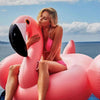 XXL Pink Flamingo Pool Float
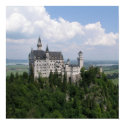 Neuschwanstein Castle Poster posters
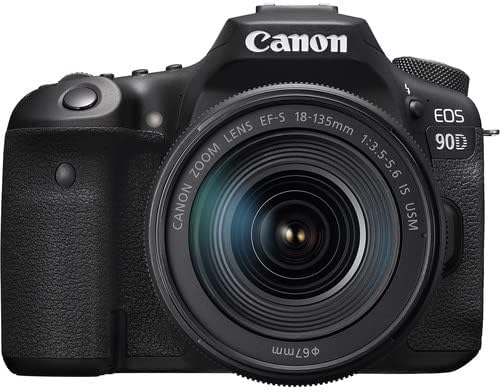 Canon EOS 90D 18-135 / 3.5-5.6 EF-S IS USM Fotocamera digitale 34.4 megapixel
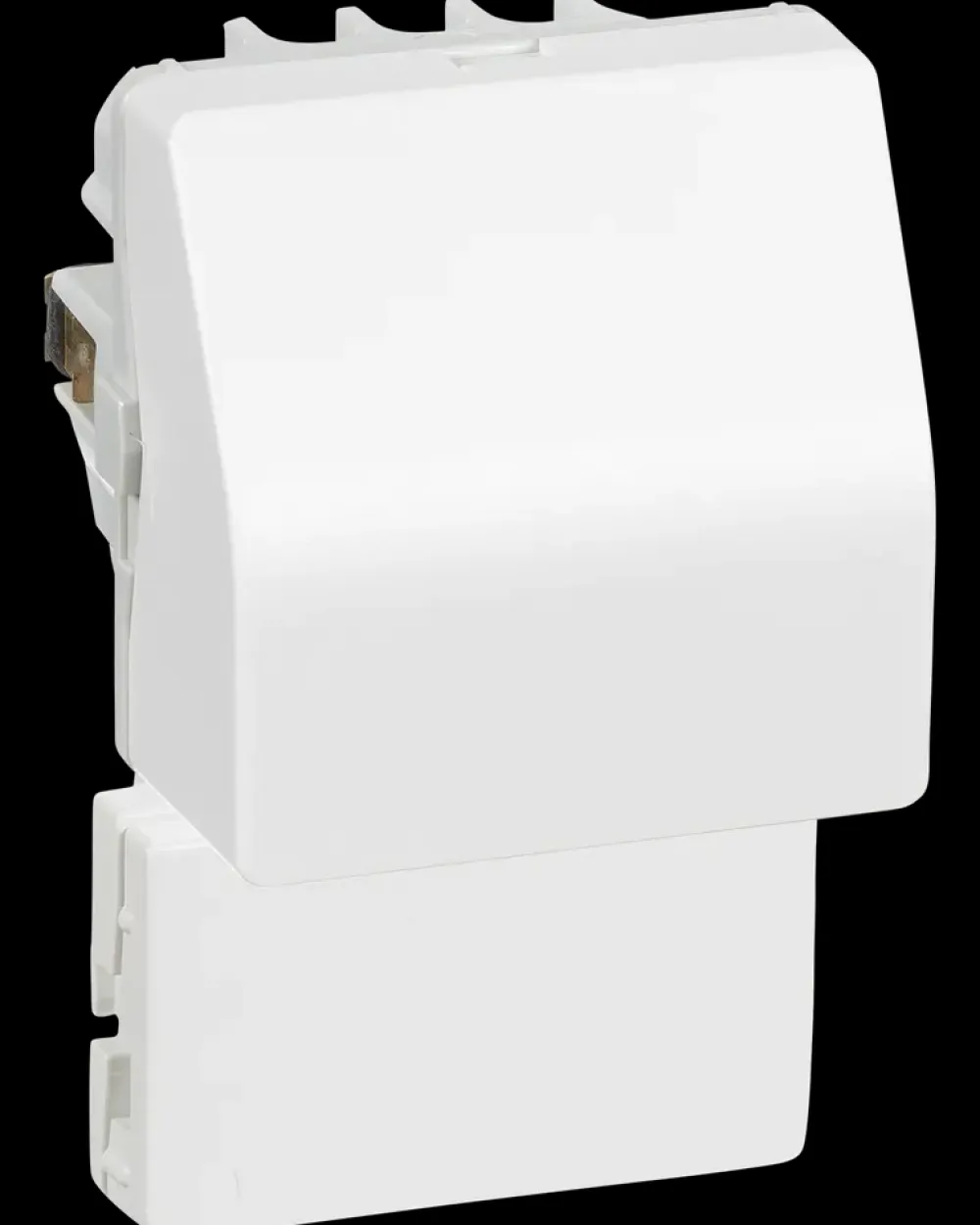 LK FUGA Komfurudtag 5 poler - hvid| Afbrydere Og Stikkontakter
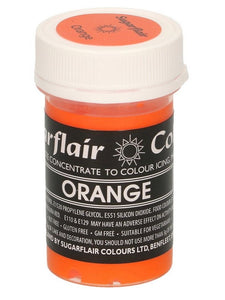 Sugarflair Paste Colour - Orange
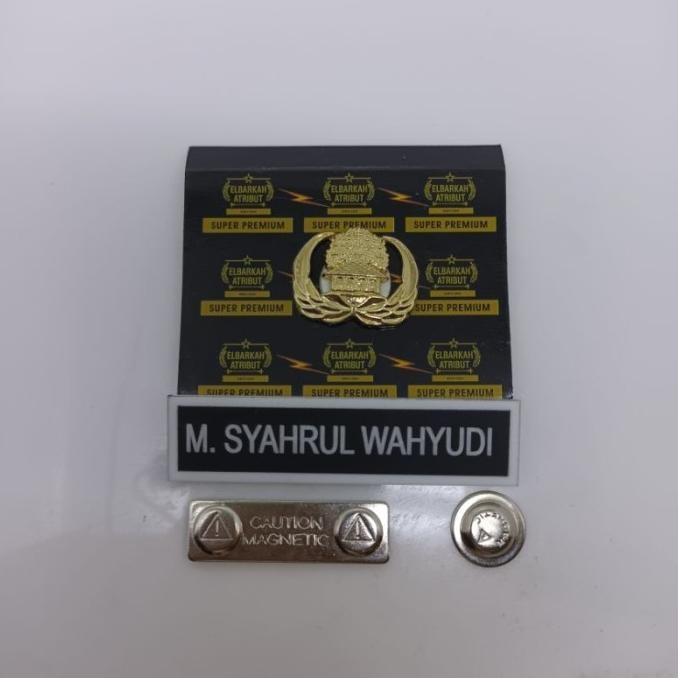 

Paket Hemat Papan Nama + Kopri Magnet Original Elbarkah Premium Shp16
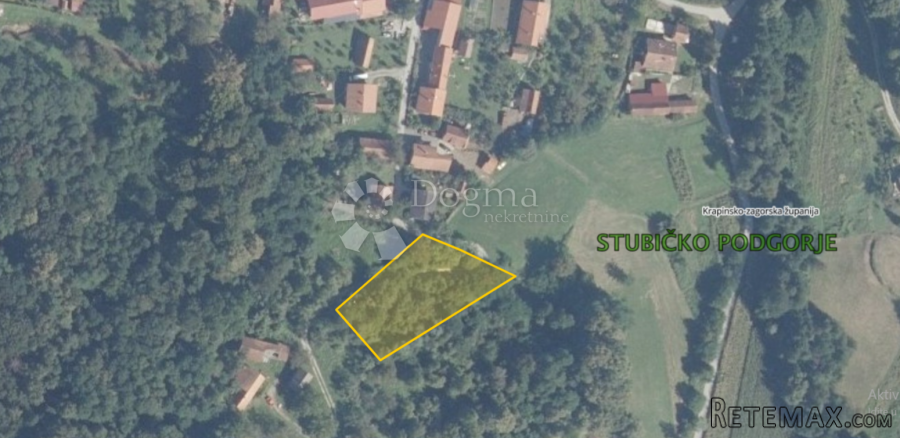Zemljište 1800m2 Gornja Podgora - 2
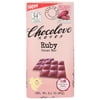 Chocolove Xoxox Bar Ruby Cacao Bean, 3.1 Oz
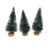 sapins vert 7 cm rico design
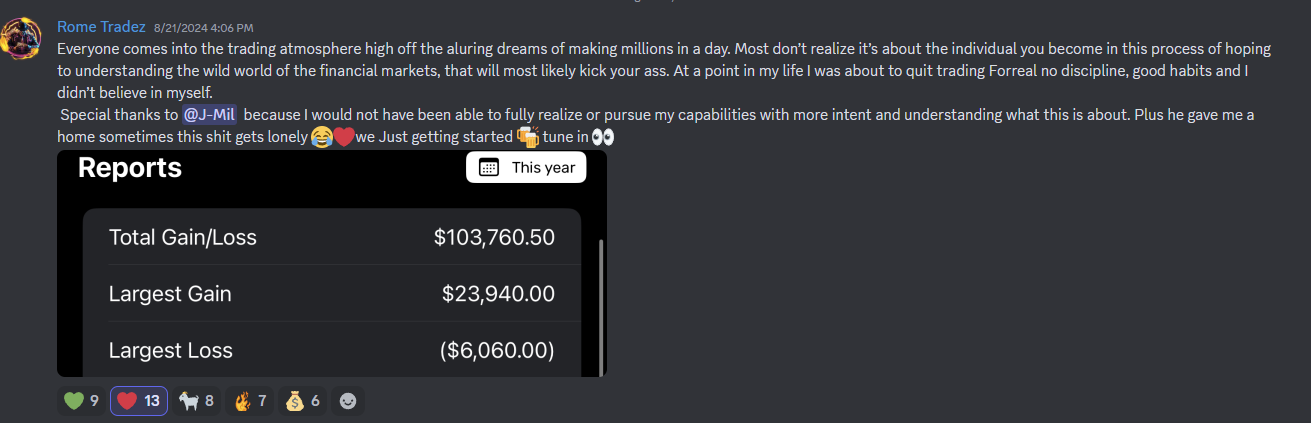 Testimonial Screenshot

## How to complete this task
Output the records exactly, pictures excluded.

## Task output
 XXL Pink Flamingo Pool Float
 Neuschwanstein Castle Poster posters
 Canon EOS 90D 18-135 / 3.5-5.6 EF-S IS USM Fotocamera digitale 34.4 megapixel
 LK FUGA Komfurudtag 5 poler - hvid| Afbrydere Og Stikkontakter
 Sugarflair Paste Colour - Orange

Paket Hemat Papan Nama + Kopri Magnet Original Elbarkah Premium Shp16
Zemljište 1800m2 Gornja Podgora - 2
 Chocolove Xoxox Bar Ruby Cacao Bean, 3.1 Oz
 sapins vert 7 cm rico design
 Testimonial Screenshot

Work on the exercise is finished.